Just a quick post as I am far too emotional to be writing lots! Overwhelmingly emotional in all honesty, I’m not even sure if this pits will read well at all. I should stop babbling now and just get on with it all. So here goes.
Today something happened to my fiancé and I that we will never forget.
As we walked through the hospital to get to our fertility consultant appointment, our attention was drawn towards an old man pushing an elderly woman in a wheelchair. Time seemed to stand still as I had only meant to glance over but somehow the man grabbed our attention. This same man then looked us both straight in the eyes, one after the other and simply said “There is a light at the end of the tunnel” Once again time stood still. It felt so out of the blue, him saying this to us and we were so shocked all I could do was say thankyou before we started to walk to our appointment again. The mans eerie comment wouldn’t leave our heads as we sat in the waiting room but then quickly disappeared when we were called in.

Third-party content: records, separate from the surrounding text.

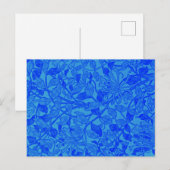 William Morris, Blauwe Indigo, Briefkaart (Voorkant / Achterkant)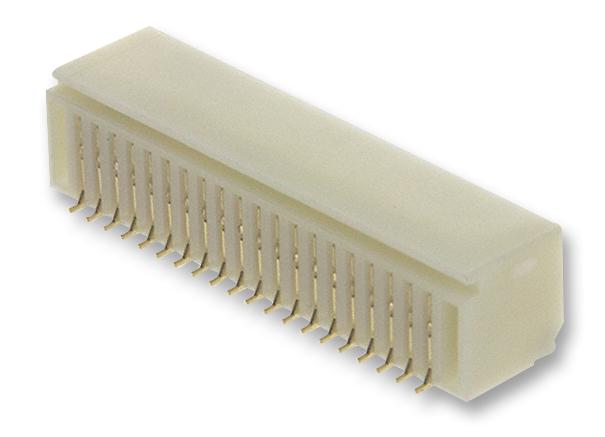 SM40B-SRDS-G-TF (LF)(SN) HEADER, SHD, 40WAY, SIDE, 1MM JST (JAPAN SOLDERLESS TERMINALS)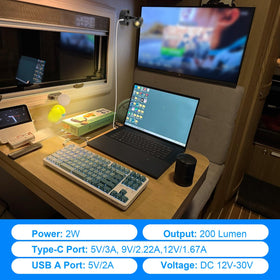 WTNYOU demonstrating 350° swivel and 180° tilt for precise beam control
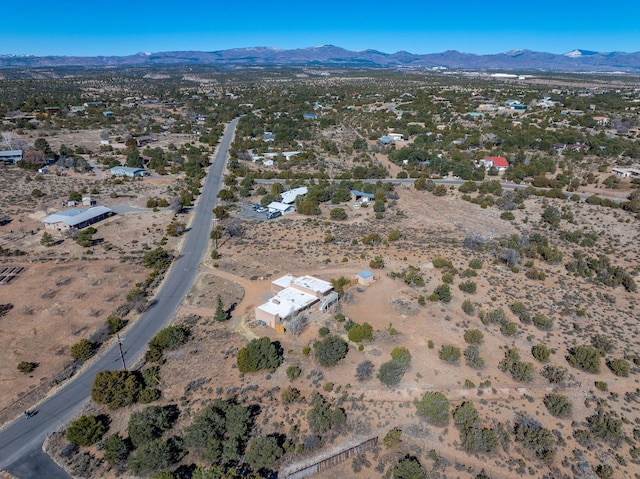 aerial view featuring a mountain view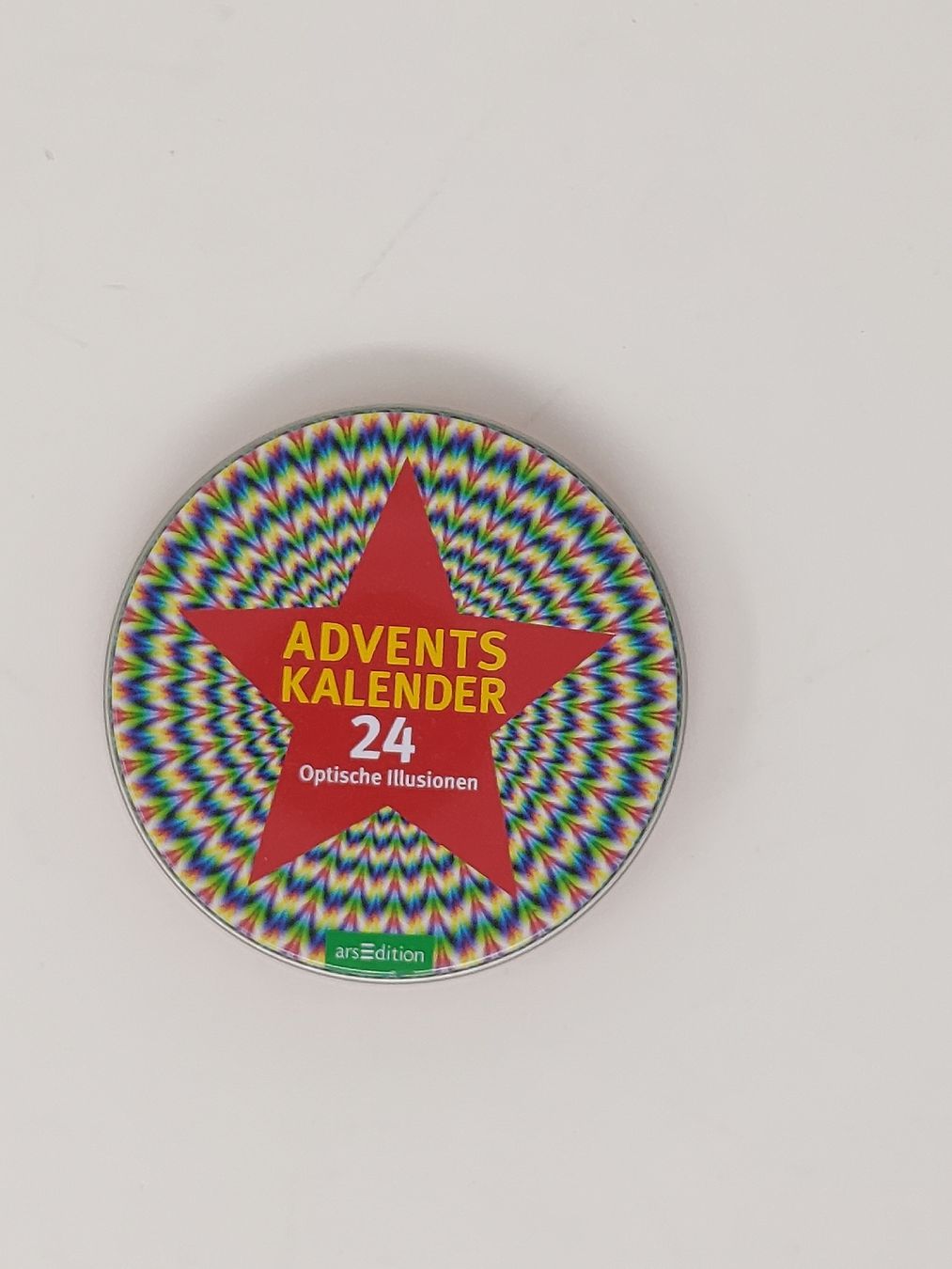 Kalender: Adventskalender 24 Optische Illusionen Dose – Gebraucht aus Meisterschwanden von phaus38 1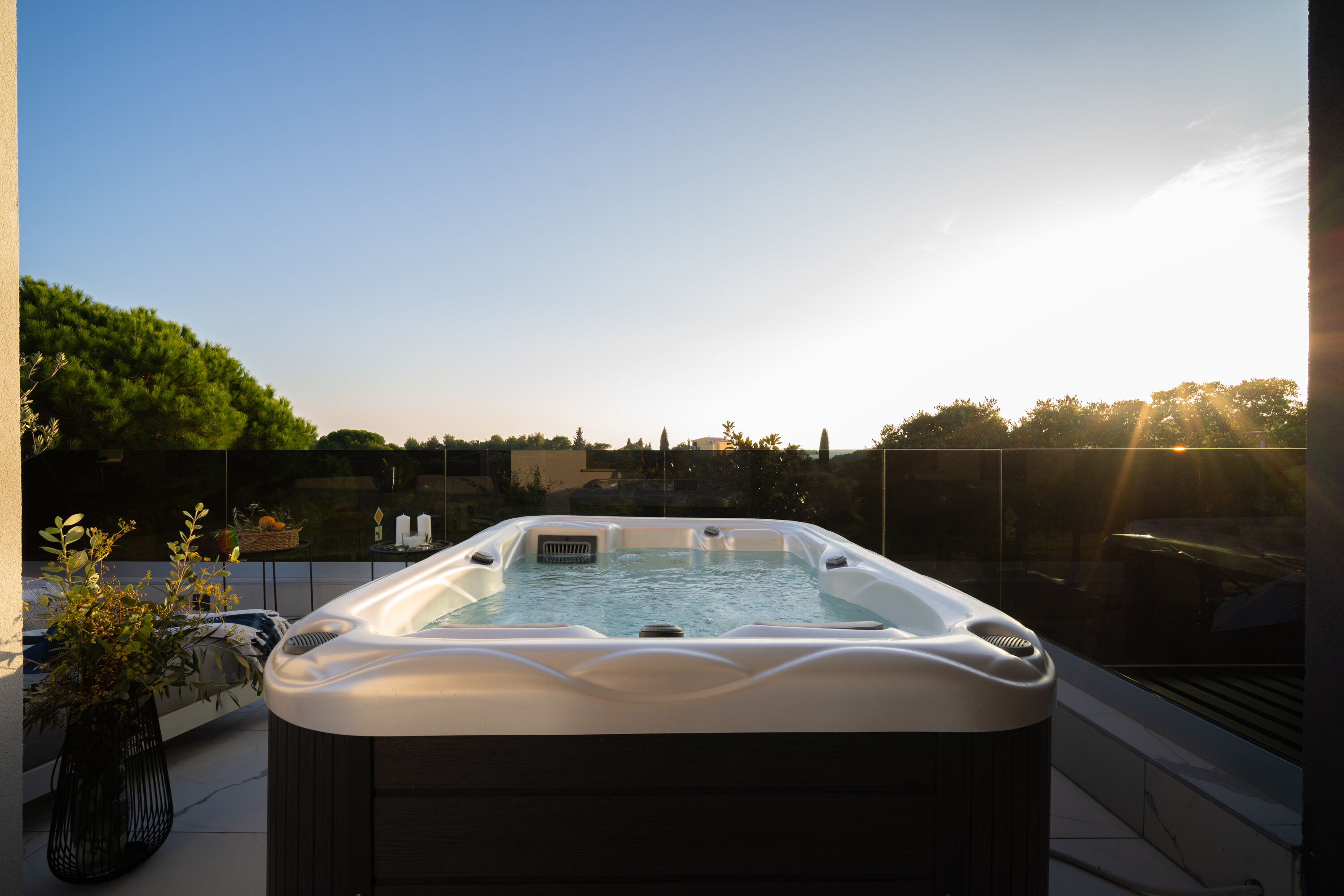 Luxussuite mit Whirlpool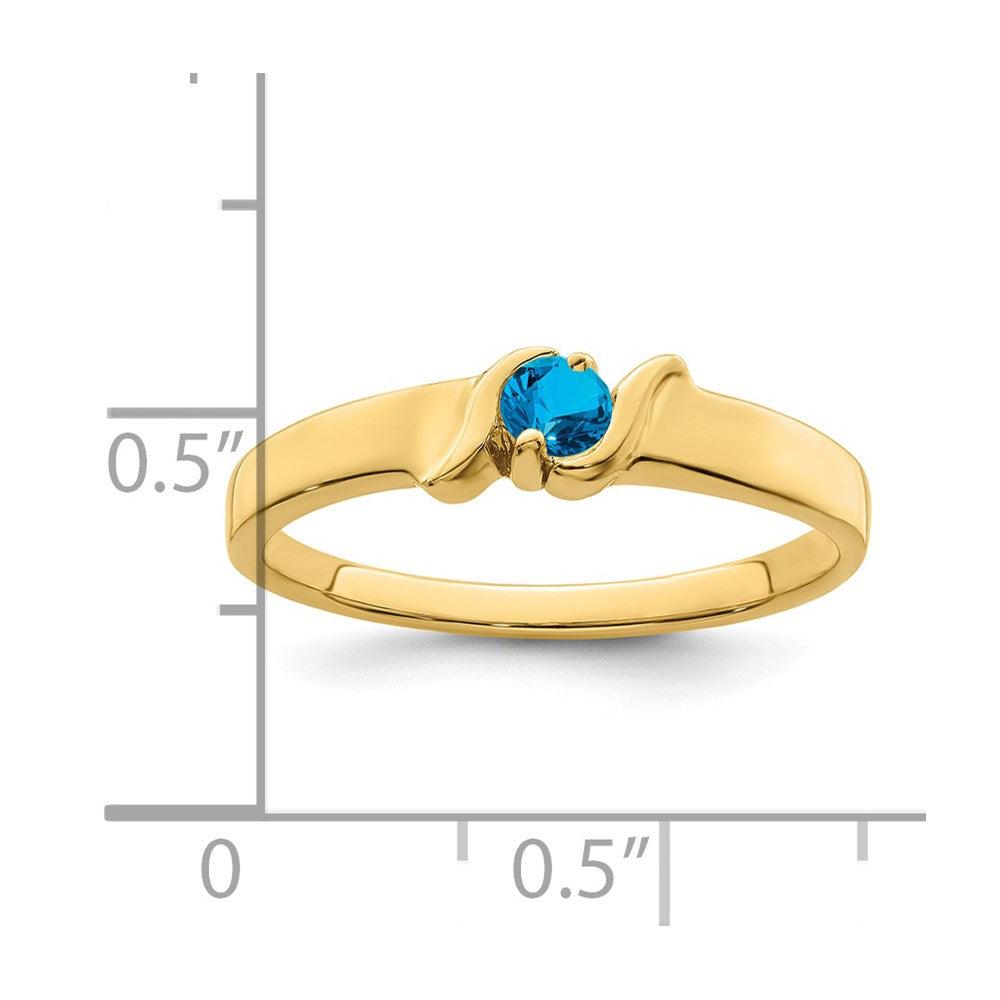 14k Genuine 1 Stone Mother's Ring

Once in the room I could feel the emotions building up inside as I looked from my fiancé back to the consultant. My consultant started off by telling us that my fiancé has a high quantity of sperm but that a percentage of it had low mobility. This of course led to my eyes welling up. The consultant then went on to tell us that based on the results of my blood tests, X-ray and ultrasound combined with the sperm analysis results that we were very much ideal candidates for IVF but that wasn’t the end of the good news, our consultant also said that we have a small chance at being able to conceive by ourselves. Which then lead to tears of relief and happiness streaming down my face! We then got down to the finer details. I would have to lose a bit more weight (which turned out to be not so little, 3 stone to be precise) before we could be referred on to the IVF clinic. We were then told that people like us (age, health etc.) had a very high IVF success rate and that the waiting list for our demographic was fairly short too so we would be able to start the next stage of our IVF journey shortly after being referred. The consultant said that we should come back in 6 months time and if we hadn’t conceived by ourselves by then and I had lost the weight I needed to, to get my BMI down into a suitable range, then he would refer us on to the IVF clinic. As soon as we got out of the appointment room my mind flashed back to the old man. I got goosebumps as it hit me how true his words were. Everyone we told about that moment agreed with us how it sounded eerie but not creepy, just a special other worldly moment.
That old man’s words have stuck with us all day. I will never forget that moment. There was/is light at the end of the tunnel. Afterall the NHS are going to help us try to have a baby!